Reading William Morris’ short story collection Dark Watch and Other Mormon-American Stories reminds me why I—and everyone else—should bother with Mormon literature. The excellent, relatively short collection explores Mormonism’s place as a subculture in a broader cultural context, taking a giant step back from Mormon Faithful Realism’s efforts to explore how individual Mormons find space within Mormonism and the Intermountain Mormon West. Like no other recent work of Mormon literature, that is, Dark Watch foregrounds and engages questions about Mormon assimilation to force readers to reflect on the consequences—both positive and negative—of Mormonism’s slow retreat from peculiarity.
For many readers of this blog, I think, the purpose of Mormon literature is to provide a sense of tribal belonging—sort of like the way a professional sports team unites a city. In Mormon literary texts, we see reflections of ourselves and our ward members in characters and situations, and that experience helps us understand, make sense of, and take pride in the faith and culture around which we order our lives. These texts also teach us how—or encourage us, at least—to be better Mormons within the Mormon world by providing useful models: idealized depictions of Mormons using agency well and/or stinging portraits of Mormons behaving badly.

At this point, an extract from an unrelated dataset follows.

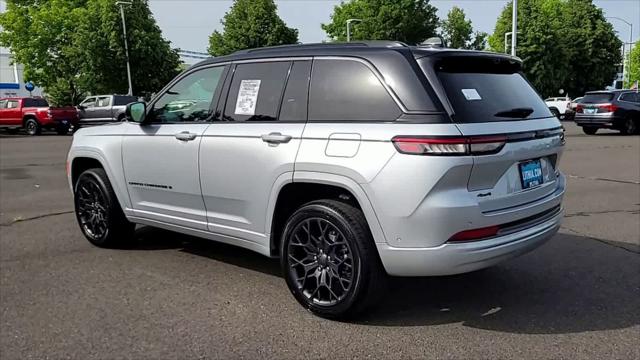 2026 Jeep Grand Cherokee Summit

This kind of cultural work is an important function of Mormon literature, but others have suggested other purposes. At the recent AML Conference, for example, Stephen Carter argued that Mormon literature can—or should—function as a kind of moral conscience for the Mormon community or offer critiques of it. James Goldberg, however, also indicated that Mormon literature can be a space for enriching the Mormon imagination and finding depth, rather than opportunities for satire, in Mormon characters.
William’s collection, however, reminds us that Mormon literature can also serve as a catalyst for reflecting on assimilation and peculiarity—and the consequences of both choices. Dark Watch and Other Mormon-American Stories, after all, begins with stories about finding and understanding “peculiar” Mormon identities, then shifts to stories that explore how these found identities—these peculiarities—complicate lives lived in pluralistic societies. For instance, in “Conference,” one of my favorite stories in the collection, the main character, a young Mormon PhD candidate, attends an academic conference in San Francisco. The heady atmosphere of the conference appeals to her, but as the panels conclude and a nightlife of drinking and partying begins, she retreats—for the night—back to the comforts of her Mormon world as she reflects on where exactly she belongs.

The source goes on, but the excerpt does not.